Дальше происходят события, которые еще больше объединяют для героя эти два образа (Клавдии как Хозяйки зверей и Пшибыслава как звериного двойника). Ганс ощущает встречу с Клавдией как судьбоносную:
«Но особенно примечательны были глаза – узкие, с каким-то пленительным киргизским разрезом (таким его находил Ганс Касторп), серовато-голубые или голубовато-серые, цвета далеких гор, глаза, которые при взгляде в сторону, – но не для того, чтобы увидеть что-нибудь, – как будто томно затуманивались ночной дымкой. И эти глаза Клавдии беззастенчиво и несколько угрюмо рассматривали его совсем близко и своим разрезом, цветом и выражением жутко и ошеломляюще напоминали глаза Пшибыслава Хиппе! Впрочем, “напоминали” совсем не то слово, – это были те же глаза, и той же была широкая верхняя часть лица, чуть вдавленный нос, – все, вплоть до яркого румянца на белой коже, – у мадам Шоша, да и у всех обитателей санатория он отнюдь не служил признаком здоровья, ибо являлся только результатом продолжительного лежания на свежем воздухе, – словом, все было такое же, как у Пшибыслава, и тот совершенно так же глядел на Ганса Касторпа, когда они встречались мимоходом на школьном дворе.
Ганс Касторп был потрясен. Но, несмотря на восторг, вызванный этой встречей, в него начал закрадываться страх, ощущение такой же стесненности, какую вызывала замкнутость в ограниченном пространстве вместе с ожидавшими его благоприятными возможностями.
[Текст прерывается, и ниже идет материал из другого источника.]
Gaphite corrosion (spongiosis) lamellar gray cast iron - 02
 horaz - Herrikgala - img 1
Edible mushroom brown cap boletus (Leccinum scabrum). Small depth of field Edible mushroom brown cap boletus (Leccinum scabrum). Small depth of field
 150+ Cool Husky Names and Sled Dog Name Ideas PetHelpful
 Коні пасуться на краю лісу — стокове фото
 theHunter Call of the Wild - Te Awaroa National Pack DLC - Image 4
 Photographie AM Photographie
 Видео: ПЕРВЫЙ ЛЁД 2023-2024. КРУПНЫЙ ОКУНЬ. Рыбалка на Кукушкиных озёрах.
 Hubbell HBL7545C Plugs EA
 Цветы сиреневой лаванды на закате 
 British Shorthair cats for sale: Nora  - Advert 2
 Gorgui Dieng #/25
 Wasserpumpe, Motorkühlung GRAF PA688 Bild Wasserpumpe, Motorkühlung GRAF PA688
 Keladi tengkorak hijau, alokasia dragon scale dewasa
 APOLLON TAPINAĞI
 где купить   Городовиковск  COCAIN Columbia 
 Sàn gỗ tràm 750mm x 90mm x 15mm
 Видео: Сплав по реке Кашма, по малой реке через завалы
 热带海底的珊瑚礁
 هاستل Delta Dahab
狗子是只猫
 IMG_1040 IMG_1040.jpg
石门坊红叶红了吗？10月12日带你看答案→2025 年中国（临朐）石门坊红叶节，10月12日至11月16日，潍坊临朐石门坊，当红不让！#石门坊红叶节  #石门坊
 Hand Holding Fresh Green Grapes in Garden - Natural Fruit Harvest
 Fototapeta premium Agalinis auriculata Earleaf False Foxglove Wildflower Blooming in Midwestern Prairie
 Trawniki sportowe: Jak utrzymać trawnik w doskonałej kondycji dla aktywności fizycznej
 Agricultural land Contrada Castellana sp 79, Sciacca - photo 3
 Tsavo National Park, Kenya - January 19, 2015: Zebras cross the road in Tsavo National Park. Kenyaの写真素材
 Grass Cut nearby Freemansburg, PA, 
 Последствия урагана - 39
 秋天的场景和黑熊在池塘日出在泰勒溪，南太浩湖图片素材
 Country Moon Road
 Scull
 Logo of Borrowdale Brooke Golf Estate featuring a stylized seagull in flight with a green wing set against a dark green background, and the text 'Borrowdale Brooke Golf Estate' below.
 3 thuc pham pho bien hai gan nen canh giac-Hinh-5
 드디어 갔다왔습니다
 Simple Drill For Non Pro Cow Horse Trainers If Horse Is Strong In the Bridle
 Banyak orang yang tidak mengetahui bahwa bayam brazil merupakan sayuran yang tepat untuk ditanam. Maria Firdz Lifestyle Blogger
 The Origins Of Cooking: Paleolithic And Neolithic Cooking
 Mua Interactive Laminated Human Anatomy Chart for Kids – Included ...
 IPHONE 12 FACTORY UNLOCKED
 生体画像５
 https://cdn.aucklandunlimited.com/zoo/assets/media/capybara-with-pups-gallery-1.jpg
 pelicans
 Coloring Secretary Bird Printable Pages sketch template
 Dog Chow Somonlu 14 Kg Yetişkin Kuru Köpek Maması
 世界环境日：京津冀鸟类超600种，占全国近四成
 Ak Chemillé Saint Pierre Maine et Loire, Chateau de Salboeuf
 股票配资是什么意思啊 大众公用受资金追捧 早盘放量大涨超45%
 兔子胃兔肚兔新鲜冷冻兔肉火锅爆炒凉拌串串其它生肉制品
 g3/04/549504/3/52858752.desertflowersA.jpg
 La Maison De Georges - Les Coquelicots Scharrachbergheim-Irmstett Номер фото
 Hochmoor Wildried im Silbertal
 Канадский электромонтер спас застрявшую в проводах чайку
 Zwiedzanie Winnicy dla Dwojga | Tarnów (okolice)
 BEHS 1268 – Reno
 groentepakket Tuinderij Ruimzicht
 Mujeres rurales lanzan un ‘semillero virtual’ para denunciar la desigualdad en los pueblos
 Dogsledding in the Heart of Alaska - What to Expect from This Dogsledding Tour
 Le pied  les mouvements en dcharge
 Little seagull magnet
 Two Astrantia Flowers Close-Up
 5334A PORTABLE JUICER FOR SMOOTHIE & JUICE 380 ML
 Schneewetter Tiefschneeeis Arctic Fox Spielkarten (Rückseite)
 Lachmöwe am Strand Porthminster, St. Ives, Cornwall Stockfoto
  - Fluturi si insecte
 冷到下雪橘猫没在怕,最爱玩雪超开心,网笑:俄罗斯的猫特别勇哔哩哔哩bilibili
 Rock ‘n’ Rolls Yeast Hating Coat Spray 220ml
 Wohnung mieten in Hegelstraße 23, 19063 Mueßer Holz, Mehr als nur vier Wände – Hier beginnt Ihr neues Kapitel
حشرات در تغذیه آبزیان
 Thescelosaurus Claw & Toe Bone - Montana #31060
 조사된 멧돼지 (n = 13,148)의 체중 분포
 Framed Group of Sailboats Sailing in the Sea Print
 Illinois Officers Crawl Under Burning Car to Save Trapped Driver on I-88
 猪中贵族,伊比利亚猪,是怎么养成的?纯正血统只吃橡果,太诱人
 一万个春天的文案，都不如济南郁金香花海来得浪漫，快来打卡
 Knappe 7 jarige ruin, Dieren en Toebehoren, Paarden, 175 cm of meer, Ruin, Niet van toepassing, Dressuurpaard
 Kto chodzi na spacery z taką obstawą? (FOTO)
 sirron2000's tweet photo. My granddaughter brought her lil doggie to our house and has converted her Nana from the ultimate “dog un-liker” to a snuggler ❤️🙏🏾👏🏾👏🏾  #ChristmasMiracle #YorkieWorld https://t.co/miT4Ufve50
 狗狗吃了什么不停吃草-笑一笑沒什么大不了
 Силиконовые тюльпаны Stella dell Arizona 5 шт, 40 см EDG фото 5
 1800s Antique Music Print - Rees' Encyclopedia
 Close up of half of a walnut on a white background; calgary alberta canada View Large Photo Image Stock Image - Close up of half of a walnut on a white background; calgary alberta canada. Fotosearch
И если давно забытый Пшибыслав снова встретил его здесь наверху в образе Клавдии Шоша и посмотрел на него теми же киргизскими глазами, это тоже было какой-то замкнутостью наедине с неизбежным и неотвратимым, – неизбежным в жутком и счастливом смысле этого слова, оно было богато надеждами и вместе с тем от него веяло чем-то пугающим, даже грозным…»
Слова «замкнутость в ограниченном пространстве вместе с ожидавшими его благоприятными возможностями» означают, между прочим, что герой попал в «избушку на курьих ножках», которую никак нельзя обойти, если хочешь обрести власть над судьбой. Он попал в ограниченное, но художественное пространство. Ограниченное так, как картина ограничена рамой. Это особое, волшебное место, в котором возможна фуга, соединяющая человека с миром.
Мне было бы приятно считать, что киргизские глаза двойника в романах «Доктор Живаго» и «Волшебная гора» – результат совпадения. Но в такие совпадения не верю даже я. Борис Пастернак явно «списал» эту деталь у Томаса Манна (как, собственно, и Герман Гессе с его Герминой-Германом). Но сделал это творчески. Надо сказать, что оба романа при всех отличиях имеют много общего, причем коренного общего: герой, попадающий в особый мир (связанный со снежной стихией), встречает Хозяйку зверей (богиню жизни и смерти), видит сквозь нее двойника-антипода, изменяет свою жизнь. Простой парень становится чем-то, чем он не мог бы стать, не попав на «волшебную гору».